# Watering flowers



## Gruntilda (Dec 17, 2017)

I am a little confused by this.  One of my new stretch goals is to water a certain amount of flowers.  First thing I tried was walking over to the watering can - no go.  Second thing was to see if I could get a prompt to do so from the gyroid - no go.  Then I noticed in my friends list that I was told I could go and help 5 friends water their flowers.  But the "visit the garden" link was paled out so I couldn't do that.  Does this mean I will have to go find friends to water my flowers too?  Kind of like the quarry requests?  I just can't figure out how to do that though.


----------



## Bcat (Dec 17, 2017)

you have to wait for the soil to turn dry, or go to a friend's garden whose soil is dry and water their flowers.
I'm not really sure how often you need to water flowers to harvest them however


----------



## BunnyHunny (Dec 17, 2017)

Seems the soil goes dry after 1 hour. You can water your own plants and friends plants. If the garden is grayed out, that most likely means they haven't started their garden yet.
Not sure how long dry flowers can survive.


----------



## Relly (Dec 18, 2017)

The soil is dry but I still can't work out how to water


----------



## Angel-Rae (Dec 18, 2017)

Relly said:


> The soil is dry but I still can't work out how to water


Tap the flower mound. This confused me too. If the soil isn’t dry it won’t give you the option but if it is dry it equips you with a can and you water that clump if flowers.


----------



## Fizzii (Dec 18, 2017)

Is the soil visibly different when it's dry?


----------



## Relly (Dec 18, 2017)

Ah i think I have the hang of it now, it goes a slightly different colour


----------



## Gruntilda (Dec 18, 2017)

Thanks guys!


----------



## TykiButterfree (Dec 18, 2017)

You can water your own flowers? For some reason I thought it was just in friend's gardens. Maybe my flowers just don't need it now since I don't think I can do anything with them yet.


----------



## J087 (Dec 18, 2017)

Hardest part is finding a friend who's plants haven't been watered yet.
Reward is +1 friend power per friend.


----------



## Bcat (Dec 18, 2017)

TykiButterfree said:


> You can water your own flowers? For some reason I thought it was just in friend's gardens. Maybe my flowers just don't need it now since I don't think I can do anything with them yet.
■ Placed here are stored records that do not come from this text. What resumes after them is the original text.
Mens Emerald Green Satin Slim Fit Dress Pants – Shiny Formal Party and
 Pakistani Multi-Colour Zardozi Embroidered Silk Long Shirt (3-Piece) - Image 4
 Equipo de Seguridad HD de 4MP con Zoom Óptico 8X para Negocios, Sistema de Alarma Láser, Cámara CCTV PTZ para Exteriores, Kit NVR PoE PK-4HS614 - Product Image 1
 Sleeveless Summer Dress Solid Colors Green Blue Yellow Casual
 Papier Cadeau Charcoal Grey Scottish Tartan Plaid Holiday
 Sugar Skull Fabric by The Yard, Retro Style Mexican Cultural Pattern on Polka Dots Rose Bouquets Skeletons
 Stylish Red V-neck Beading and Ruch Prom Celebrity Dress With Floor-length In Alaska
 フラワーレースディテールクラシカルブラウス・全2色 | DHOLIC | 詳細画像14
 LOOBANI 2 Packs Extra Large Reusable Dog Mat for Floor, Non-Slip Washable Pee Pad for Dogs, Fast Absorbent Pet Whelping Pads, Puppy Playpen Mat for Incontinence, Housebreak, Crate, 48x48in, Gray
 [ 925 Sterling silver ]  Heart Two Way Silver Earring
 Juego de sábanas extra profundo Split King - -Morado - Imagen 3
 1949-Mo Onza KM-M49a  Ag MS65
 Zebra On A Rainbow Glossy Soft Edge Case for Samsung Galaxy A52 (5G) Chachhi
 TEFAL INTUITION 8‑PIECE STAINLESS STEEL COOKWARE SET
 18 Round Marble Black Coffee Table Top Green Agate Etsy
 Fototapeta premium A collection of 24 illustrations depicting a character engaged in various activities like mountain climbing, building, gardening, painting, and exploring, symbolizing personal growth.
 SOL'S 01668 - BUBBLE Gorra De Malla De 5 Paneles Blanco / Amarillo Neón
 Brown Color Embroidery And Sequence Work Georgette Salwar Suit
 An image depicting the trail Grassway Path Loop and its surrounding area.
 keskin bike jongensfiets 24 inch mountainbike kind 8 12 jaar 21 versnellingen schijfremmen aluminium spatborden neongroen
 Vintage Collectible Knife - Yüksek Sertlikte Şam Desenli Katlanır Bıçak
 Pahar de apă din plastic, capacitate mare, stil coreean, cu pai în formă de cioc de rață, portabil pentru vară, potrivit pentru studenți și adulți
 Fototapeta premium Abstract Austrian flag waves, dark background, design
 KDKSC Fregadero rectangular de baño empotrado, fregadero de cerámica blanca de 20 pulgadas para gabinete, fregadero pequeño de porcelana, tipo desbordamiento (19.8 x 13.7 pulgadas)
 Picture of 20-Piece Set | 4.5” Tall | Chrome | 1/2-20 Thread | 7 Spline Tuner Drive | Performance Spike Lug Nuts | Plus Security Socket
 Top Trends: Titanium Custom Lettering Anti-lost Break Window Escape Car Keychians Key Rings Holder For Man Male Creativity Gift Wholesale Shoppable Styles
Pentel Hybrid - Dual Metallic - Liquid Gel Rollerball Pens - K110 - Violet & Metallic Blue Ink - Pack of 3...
Yup! You can water your own. It’ll give you the option to water when they need it and the soil will be a lighter color


----------



## Alcor (Dec 19, 2017)

Quick notes of Watering from what I can gather;
Stretch Goal "Water flowers 2 times." - Watering ANYONE's plants counts, including your garden and friends garden
Soil dries up approximately every 1 hour
Damp soil CAN NOT be watered
Wilted Flowers CAN be revived by watering them
Watering phases occurs while the plant is GROWING (matured plants will stay watered indefinitely)
Helping water friend's garden rewards you with 1 Friend Powder (limited 5 per cycle)
Flower soil dries up approximately every 1 hour
You CAN NOT water something that's already damp

Depending on how well you know your friends, you can probably guess if their garden is well maintained.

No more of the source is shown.